Eric Schmitt, Julian E. Barnes et Adam Goldman ont
contribué à ce reportage
Traduit par Fausto
Giudice, Tlaxcala
Les agents israéliens voulaient
tuer le principal scientifique nucléaire iranien depuis des années. Puis ils
ont trouvé un moyen de le faire sans la présence d'agents sur place.
Mohsen Fakhrizadeh, le père
du programme nucléaire iranien, gardait un profil bas, et les photos de lui
étaient rares. Cette photo est apparue sur des affiches de martyrs après sa
mort. Photo : Arash Khamooshi pour le New York Times
Le plus grand
scientifique nucléaire iranien s'est réveillé une heure avant l'aube, comme il le
faisait presque tous les jours, pour étudier la philosophie islamique avant de
commencer sa journée.
Cet après-midi-là, lui et sa femme quittent
leur maison de vacances au bord de la mer Caspienne et se rendent dans leur
maison de campagne à Absard, une ville bucolique à l'est de Téhéran, où ils ont
prévu de passer le week-end.
Les services de renseignement iraniens
l'avaient averti d'un possible complot d'assassinat, mais le scientifique,
Mohsen Fakhrizadeh, l'avait balayé d'un revers de main.

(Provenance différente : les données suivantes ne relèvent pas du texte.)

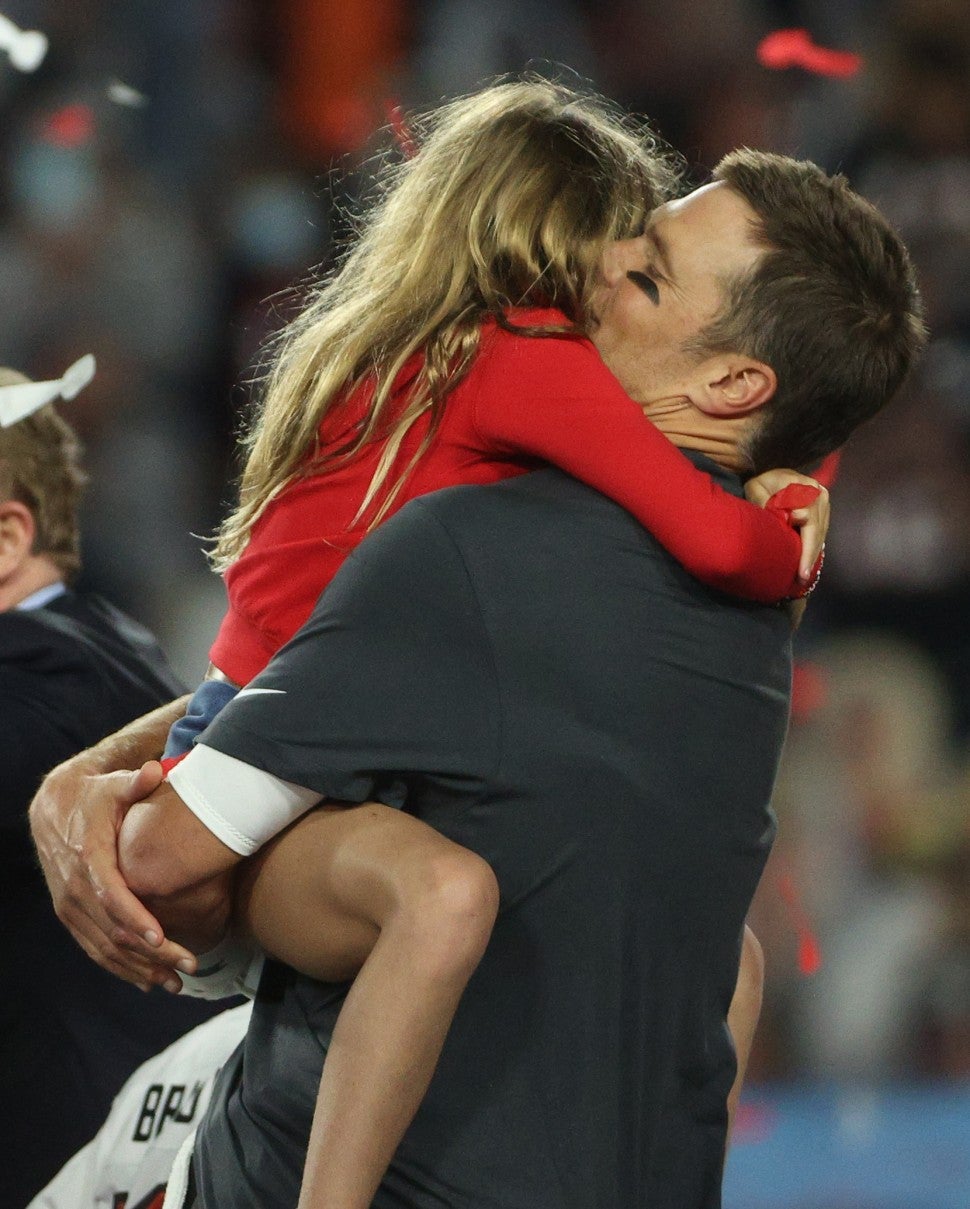 Tom Brady #12 of the Tampa Bay Buccaneers hugs his daughter Vivian after defeating the Kansas City Chiefs 31-9 in Super Bowl LV at Raymond James Stadium on February 07, 2021 in Tampa, Florida.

Convaincu que M. Fakhrizadeh dirigeait les
efforts de l'Iran pour fabriquer une bombe nucléaire, Israël voulait le tuer
depuis au moins 14 ans. Mais il y avait eu tant de menaces et de complots qu'il
n'y prêtait plus guère attention.
Malgré sa position
éminente dans l'establishment militaire iranien, M. Fakhrizadeh voulait vivre
une vie normale. Il avait envie de petits plaisirs domestiques : lire de la
poésie persane, emmener sa famille au bord de la mer, faire des promenades à la
campagne.
Et, passant outre
les conseils de son équipe de sécurité, il se rendait souvent à Absard dans sa
propre voiture au lieu de se faire conduire par ses gardes du corps dans un
véhicule blindé. C'était une grave violation du protocole de sécurité, mais il
a insisté.
Ainsi, peu après midi, le vendredi 27
novembre, il s'est glissé au volant de sa berline Nissan Teana noire, sa femme
sur le siège passager à ses côtés, et a pris la route.
Jugal K. Patel
Une
cible insaisissable
Depuis 2004, lorsque le gouvernement israélien
a ordonné à son agence de renseignement étrangère, le Mossad, d'empêcher l'Iran
d'obtenir des armes nucléaires, celle-ci a mené une campagne de sabotage et de cyberattaques contre les installations iraniennes
d'enrichissement du combustible nucléaire. Le Mossad a également éliminé méthodiquement les experts censés diriger le programme
d'armement nucléaire de l'Iran.
Depuis 2007, ses agents ont assassiné cinq
scientifiques nucléaires iraniens et en ont blessé un autre. La plupart des scientifiques
travaillaient directement pour M. Fakhrizadeh sur ce que les responsables des
services de renseignement israéliens considèrent comme un programme secret de
construction d'une ogive nucléaire, notamment pour surmonter les difficultés
techniques considérables que pose la fabrication d'une ogive suffisamment
petite pour être montée sur un des missiles à longue portée iraniens.
Les agents israéliens ont également tué le général iranien chargé du
développement des missiles et 16 membres de son équipe.